### Source material
◇ ◇ ◇ ◇ ◇ ◇ ◇

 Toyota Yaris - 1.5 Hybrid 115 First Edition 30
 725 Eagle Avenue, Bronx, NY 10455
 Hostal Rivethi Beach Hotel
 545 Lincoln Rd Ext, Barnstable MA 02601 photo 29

◇ ◇ ◇ ◇ ◇ ◇ ◇

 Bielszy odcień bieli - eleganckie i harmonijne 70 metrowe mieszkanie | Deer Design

◇ ◇ ◇ ◇ ◇ ◇ ◇

### Prompt
Proceeding from the line containing "Toyota Yaris - 1.5" through the line containing "545 Lincoln Rd", transcribe the lines above exactly, both end lines included.

### Completed exercise
 Toyota Yaris - 1.5 Hybrid 115 First Edition 30
 725 Eagle Avenue, Bronx, NY 10455
 Hostal Rivethi Beach Hotel
 545 Lincoln Rd Ext, Barnstable MA 02601 photo 29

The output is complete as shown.